Conclusion & Future Work
In this paper, we presented GDPR text extensions (GDPRtEXT), which uses the European Legislation Identifier (ELI) ontology published by the European Publications Office for exposing the GDPR as linked data. The resulting dataset is published using DCAT and VOID vocabularies with distributions for official publication, an annotated online copy of the GDPR that uses fragment identifiers to refer to individual points, and its serialisations in several RDF formats. The dataset is published using the CC-by-4.0 license and is available with a DOI at Zenodo23 and at Datahub24. We have submitted GDPRtEXT to data.gov.ie25 as a suggested dataset which would allow it to be indexed by the EU Open Data Portal26. The dataset contains a SPARQL endpoint with a front-end using Pubby. GDPRtEXT also provides a SKOS vocabulary for defining terms and concepts in GDPR. An example of linking related legislations was provided using Data Protection Directive (DPD) that reused existing work in modelling obligations using XACML. The applications and benefits of GDPRtEXT to the community were also discussed.
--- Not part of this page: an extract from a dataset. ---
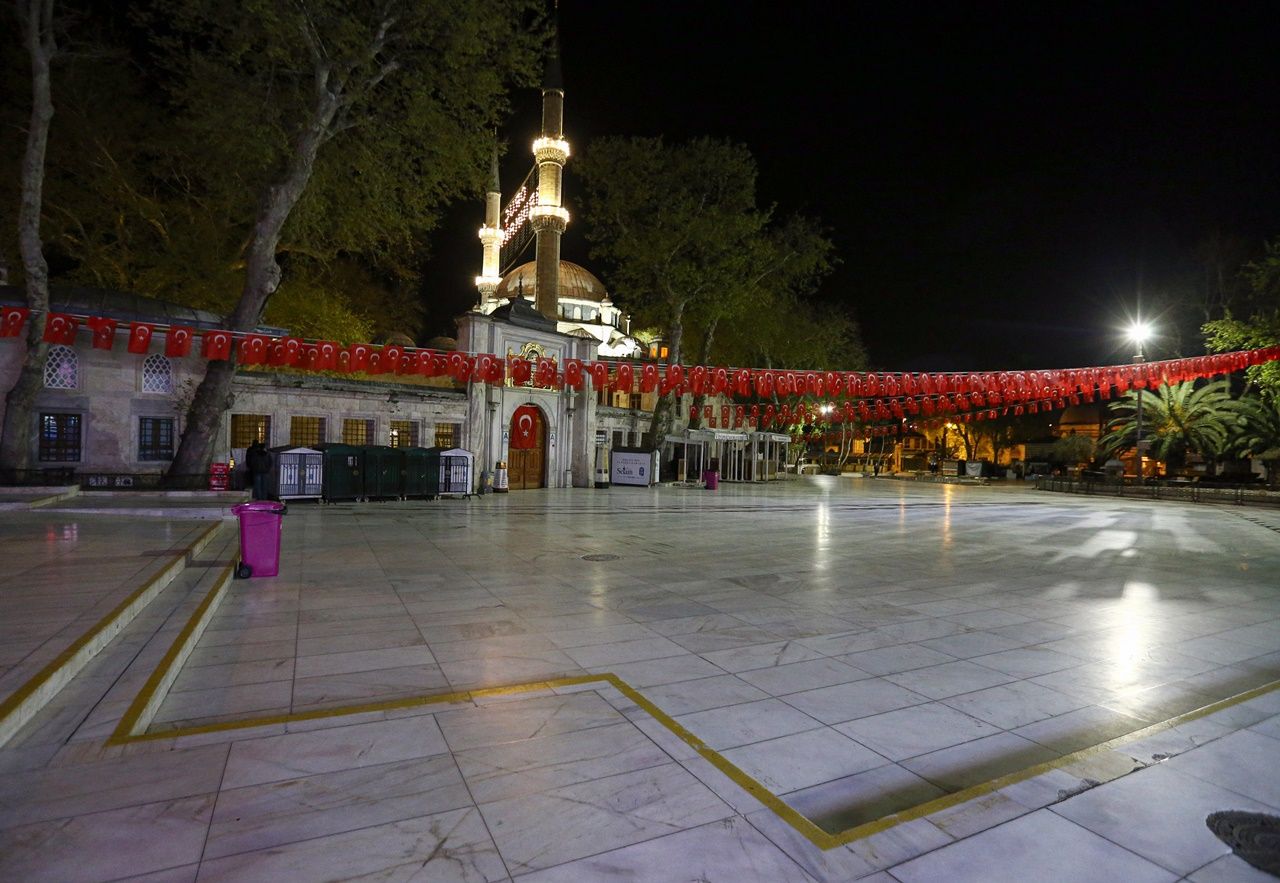 Ramazanda binlerce kişiyi ağırlayan meydanlar boş kaldı... 2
GDPRtEXT is an ongoing effort and we actively seek suggestions as well as support and guidance from the community27. In terms of future work, we plan to work on the documentation so as to make it more accessible to the community outside of the semantic web domain. To this end, we are looking into conceptualising a model for the documentation and dissemination of GDPR metadata related to consent, provenance, data sharing, and compliance.
The principle of linked data works only when there are links to both (or all) involved resources. Therefore, we plan on using GDPRtEXT with GDPR related work such as European Privacy Seal (EuroPriSe)29, which is an organisation that provides certifications and seals for GDPR compliance. The criteria used by EuroPriSe is based on translating the requirements of GDPR into questions that can be answered in the context of an audit or a certification. These questions, therefore, are based on obligations specified by the GDPR, and their answers determine compliance to these obligations. This is an area where GDPRtEXT can be used to link the related information in EuroPriSe’s certifications and compare them to similar research undertaken in the domain of GDPR compliance.
This paper is supported by the ADAPT Centre for Digital Content Technology, which is funded under the SFI Research Centres Programme (Grant 13/RC/2106) and is co-funded under the European Regional Development Fund.